Como igreja de Cristo no século 21, devemos notar nessa mensagem que o encorajamento e a esperança promovidas pelo Senhor não andam longe do temor e da reverência. O servo de Deus deve obedecê-lo e honrá-lo porque o ama profundamente e lhe é grato por todas as bênçãos imerecidas. Entretanto, visto ser Deus santo e justo, os servos devem também fugir do pecado e da rebeldia por temerem a disciplina do Senhor que, segundo o autor de Hebreus, apesar de produzir o bem nos servos, não é considerada razão de alegria quando é executada (Hb 12.11), razão pela qual o temor deve produzir correção e acerto (Hb 12.12,13). Nesse sentido, a recordação da disciplina e das consequências enfrentadas por causa dos pecados tem um papel importantíssimo. O servo de Deus pode olhar para sua própria história, em suas experiências de correções efetuadas por Deus, e para a história de outros que passaram por isso. E conforme o raciocínio que Zacarias sugere, parece ser bem mais sábio aprender a partir da experiência alheia que aguardar, a duras penas, reunir experiência pessoal de sofrimento.

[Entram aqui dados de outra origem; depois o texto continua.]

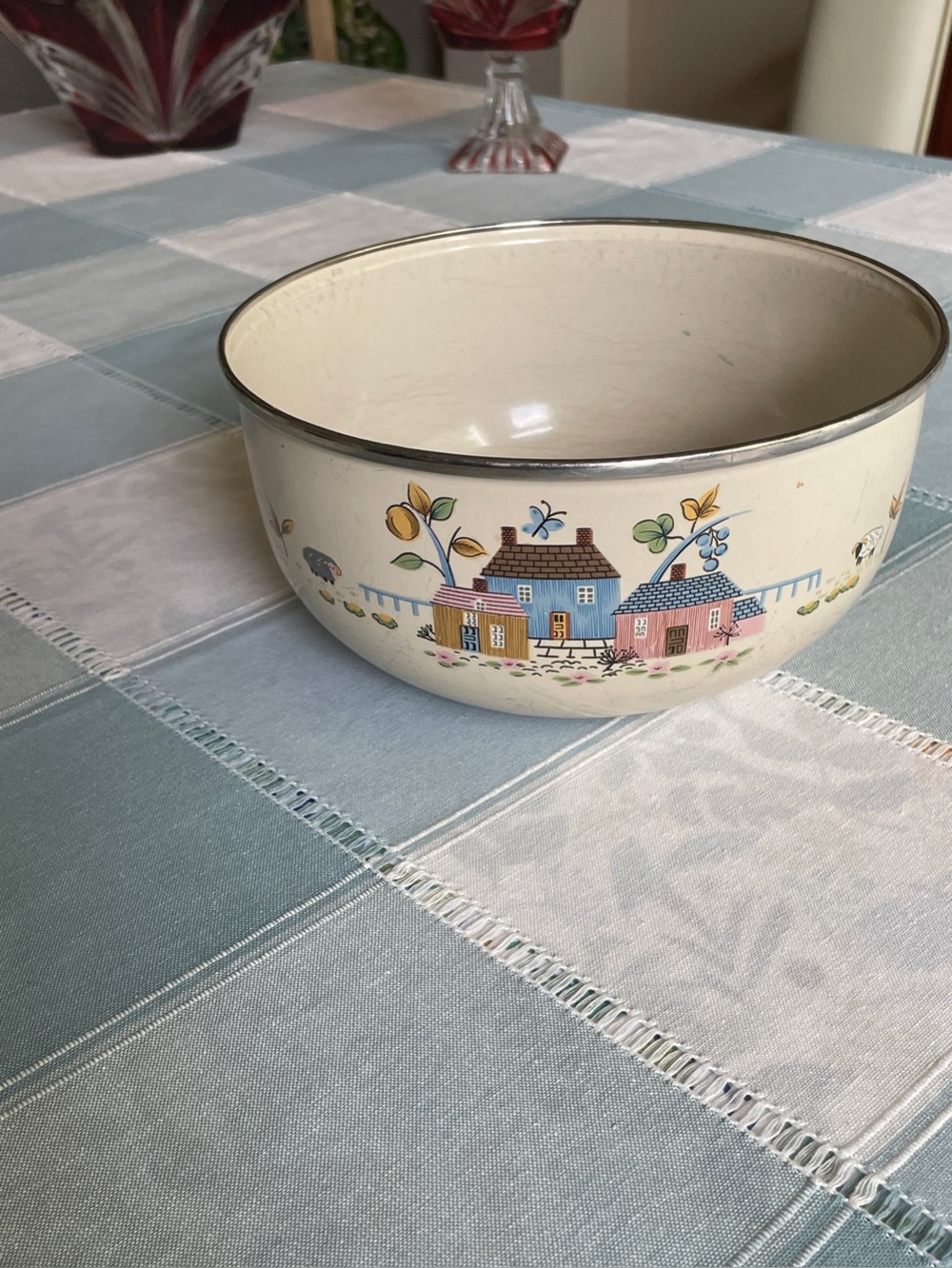 Vintage Cream Enamel Mixing Bowl with Pastel Cottage Design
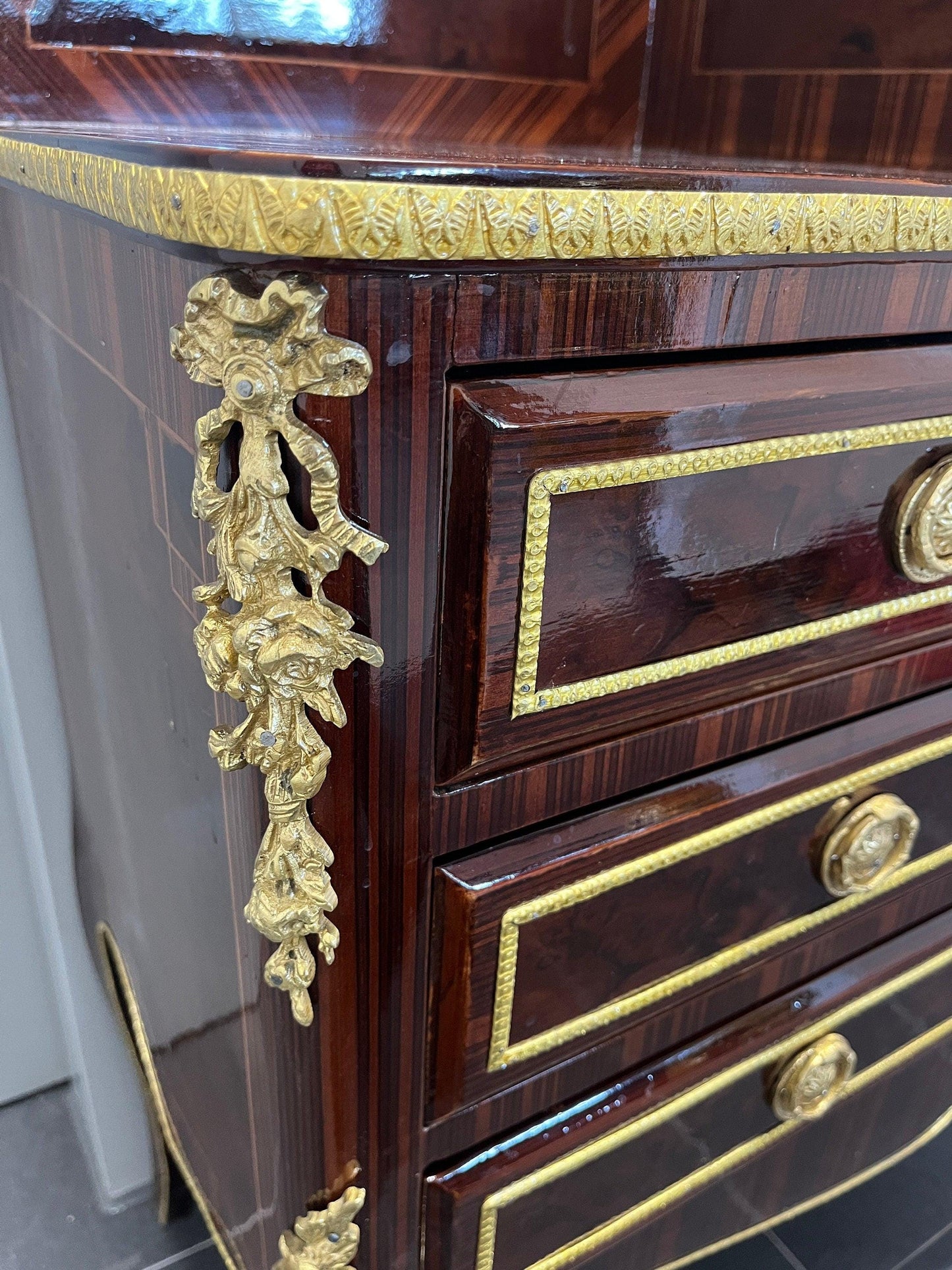 Display Cabinet French Louis Showcase for Dining Room Decor Glossy Brown Retro Baroque Cabinet with Brass Ornaments for New Home Decor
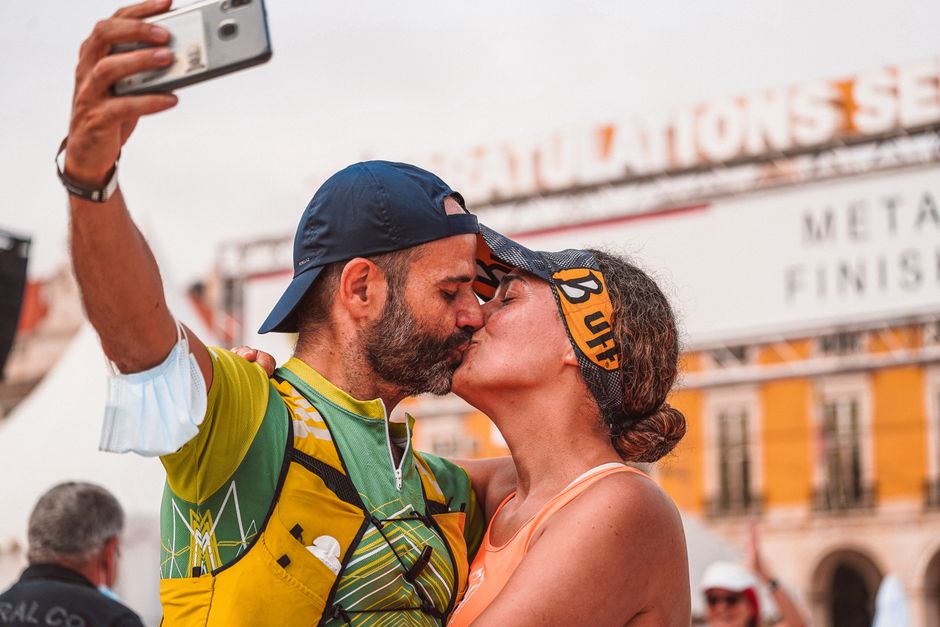 Runners Conquer the 'World's Coolest Marathon' on Drifting Ice at the North Pole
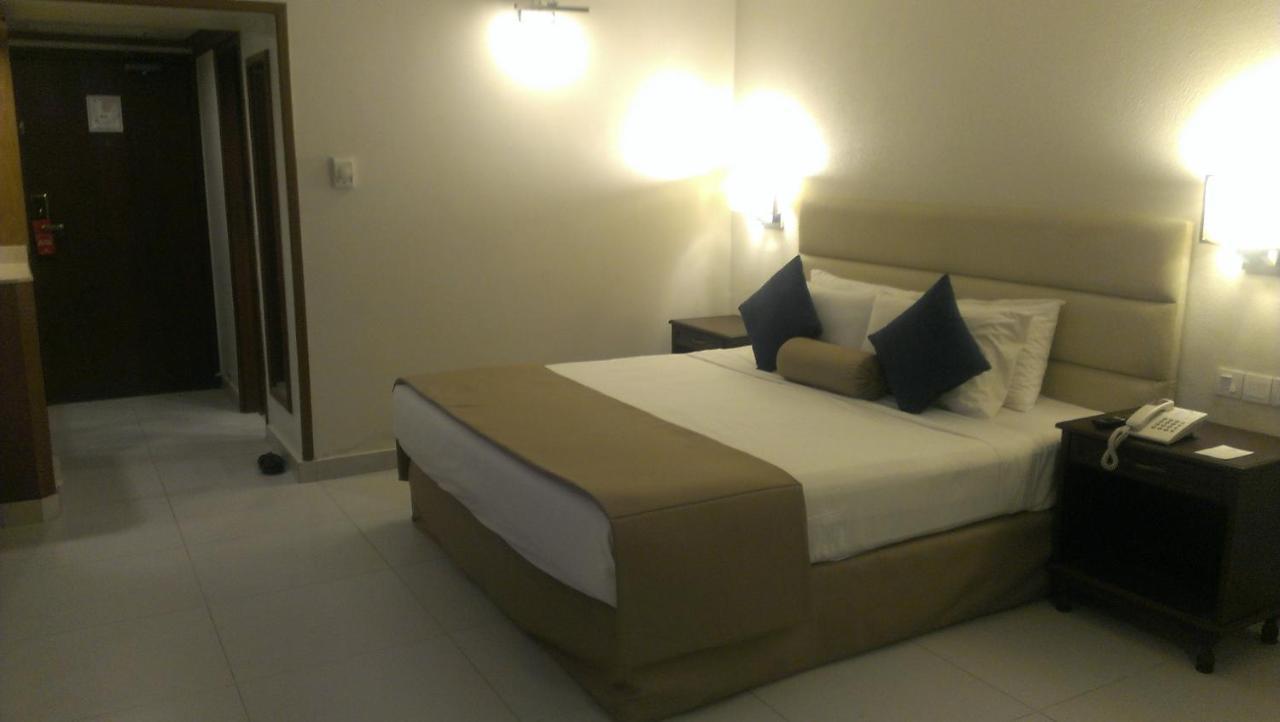 קראצ'י Regent Plaza Hotel & Convention Center מראה חיצוני תמונה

Na verdade, as Escrituras, dentre suas funções, foram dadas para nos ensinar por meio da história de outros homens, alguns de acertaram e outros que erraram e sofreram as consequências. Diz o apóstolo Paulo: “Estas coisas lhes sobrevieram como exemplos e foram escritas para advertência nossa, de nós outros sobre quem os fins dos séculos têm chegado” (1Co 10.11). Então, olhe para o que a Bíblia ensina e para o que aconteceu aos homens que a obedeceram e aos que se rebelaram, seguindo o exemplo dos bons servos que se arrependeram do mal e buscaram o Senhor de coração. Se você aprender essa lição, será a vez de o Senhor lhe encorajar e lhe encher de esperança.

Pr. Thomas Tronco


[1] Pinto, Carlos Osvaldo Cardoso. Foco e Desenvolvimento no Antigo Testamento. São Paulo: Hagnos, 2006, p. 787.

[2] Clark, D. J.; Hatton, H. A Handbook on Zechariah. UBS Handbook Series. Nova York: United Bible Societies, 2002, p. 72.

[3] Walvoord, J. F.; Zuck, R. B. The Bible Knowledge Commentary: Old Testament. Colorado Springs: David C. Cook, 1983, p. 1548.

[4] Clark, D. J.; Hatton, H. A Handbook on Haggai. UBS Handbook Series. Nova York: United Bible Societies, 2002, p. 76.

[5] Spence-Jones, H. D. M. (ed.). Zechariah. The Pulpit Commentary. London; New York: Funk & Wagnalls, 1909, p. 1-2.